**What you will do**
Your task is to find every line in the records that holds the string "Blue" and copy it.

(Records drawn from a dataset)
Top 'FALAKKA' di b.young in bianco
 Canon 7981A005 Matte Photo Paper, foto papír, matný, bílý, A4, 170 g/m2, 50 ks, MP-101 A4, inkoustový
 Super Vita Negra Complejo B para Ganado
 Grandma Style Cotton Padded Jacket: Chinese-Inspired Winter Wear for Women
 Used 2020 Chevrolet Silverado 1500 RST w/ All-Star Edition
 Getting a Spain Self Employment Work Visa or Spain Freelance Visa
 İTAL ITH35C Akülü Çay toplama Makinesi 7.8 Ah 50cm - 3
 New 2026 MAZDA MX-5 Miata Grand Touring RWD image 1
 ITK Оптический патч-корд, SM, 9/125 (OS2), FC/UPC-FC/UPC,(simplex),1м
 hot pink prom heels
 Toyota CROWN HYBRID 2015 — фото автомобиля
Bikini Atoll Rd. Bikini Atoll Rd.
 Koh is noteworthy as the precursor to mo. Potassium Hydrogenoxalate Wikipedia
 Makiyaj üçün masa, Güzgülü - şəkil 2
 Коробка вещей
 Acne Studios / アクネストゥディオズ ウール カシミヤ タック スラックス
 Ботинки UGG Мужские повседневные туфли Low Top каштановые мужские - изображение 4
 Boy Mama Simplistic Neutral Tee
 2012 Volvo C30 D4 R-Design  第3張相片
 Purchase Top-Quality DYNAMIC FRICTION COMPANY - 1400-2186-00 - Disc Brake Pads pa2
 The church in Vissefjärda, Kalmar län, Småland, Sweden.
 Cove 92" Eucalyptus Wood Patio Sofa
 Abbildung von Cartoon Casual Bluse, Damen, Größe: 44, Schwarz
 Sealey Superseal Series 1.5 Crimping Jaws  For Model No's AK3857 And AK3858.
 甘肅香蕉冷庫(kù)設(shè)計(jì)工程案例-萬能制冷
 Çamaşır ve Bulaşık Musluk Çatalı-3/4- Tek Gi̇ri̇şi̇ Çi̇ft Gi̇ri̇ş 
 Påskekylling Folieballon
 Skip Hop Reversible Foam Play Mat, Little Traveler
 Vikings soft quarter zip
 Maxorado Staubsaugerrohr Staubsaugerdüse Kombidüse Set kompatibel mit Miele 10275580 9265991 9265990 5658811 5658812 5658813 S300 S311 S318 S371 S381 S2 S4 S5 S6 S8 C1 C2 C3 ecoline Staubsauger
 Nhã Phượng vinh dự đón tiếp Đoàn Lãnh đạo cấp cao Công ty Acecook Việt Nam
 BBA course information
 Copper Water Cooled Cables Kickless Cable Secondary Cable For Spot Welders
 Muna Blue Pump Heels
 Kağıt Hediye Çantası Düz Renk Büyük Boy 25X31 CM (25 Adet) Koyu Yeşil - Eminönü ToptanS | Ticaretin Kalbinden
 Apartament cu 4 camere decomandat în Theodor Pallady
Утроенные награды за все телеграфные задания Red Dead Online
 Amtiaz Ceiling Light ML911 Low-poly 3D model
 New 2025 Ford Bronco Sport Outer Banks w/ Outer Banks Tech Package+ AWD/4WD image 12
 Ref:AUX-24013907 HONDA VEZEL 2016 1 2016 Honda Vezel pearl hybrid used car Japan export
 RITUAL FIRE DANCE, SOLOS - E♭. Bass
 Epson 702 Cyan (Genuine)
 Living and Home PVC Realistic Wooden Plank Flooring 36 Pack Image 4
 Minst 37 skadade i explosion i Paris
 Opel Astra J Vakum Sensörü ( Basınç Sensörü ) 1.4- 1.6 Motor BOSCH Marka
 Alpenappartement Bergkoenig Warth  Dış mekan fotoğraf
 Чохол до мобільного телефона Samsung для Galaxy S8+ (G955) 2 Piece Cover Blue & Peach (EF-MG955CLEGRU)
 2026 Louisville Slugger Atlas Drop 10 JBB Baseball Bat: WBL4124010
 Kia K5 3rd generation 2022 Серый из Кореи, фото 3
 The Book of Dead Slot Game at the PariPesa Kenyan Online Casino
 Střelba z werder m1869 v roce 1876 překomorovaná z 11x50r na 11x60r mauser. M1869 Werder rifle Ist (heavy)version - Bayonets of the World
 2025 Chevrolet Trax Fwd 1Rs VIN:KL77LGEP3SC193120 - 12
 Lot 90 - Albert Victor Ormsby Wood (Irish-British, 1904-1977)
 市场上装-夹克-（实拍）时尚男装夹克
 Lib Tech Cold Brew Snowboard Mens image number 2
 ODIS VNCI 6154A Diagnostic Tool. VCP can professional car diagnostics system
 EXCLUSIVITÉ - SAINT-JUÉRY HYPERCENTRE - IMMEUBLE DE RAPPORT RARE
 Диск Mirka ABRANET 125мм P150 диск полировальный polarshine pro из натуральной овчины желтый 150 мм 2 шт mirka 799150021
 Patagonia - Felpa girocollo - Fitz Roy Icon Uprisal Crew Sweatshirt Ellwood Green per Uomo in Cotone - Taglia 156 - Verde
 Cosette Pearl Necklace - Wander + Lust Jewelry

**Your response**
 Muna Blue Pump Heels
 Чохол до мобільного телефона Samsung для Galaxy S8+ (G955) 2 Piece Cover Blue & Peach (EF-MG955CLEGRU)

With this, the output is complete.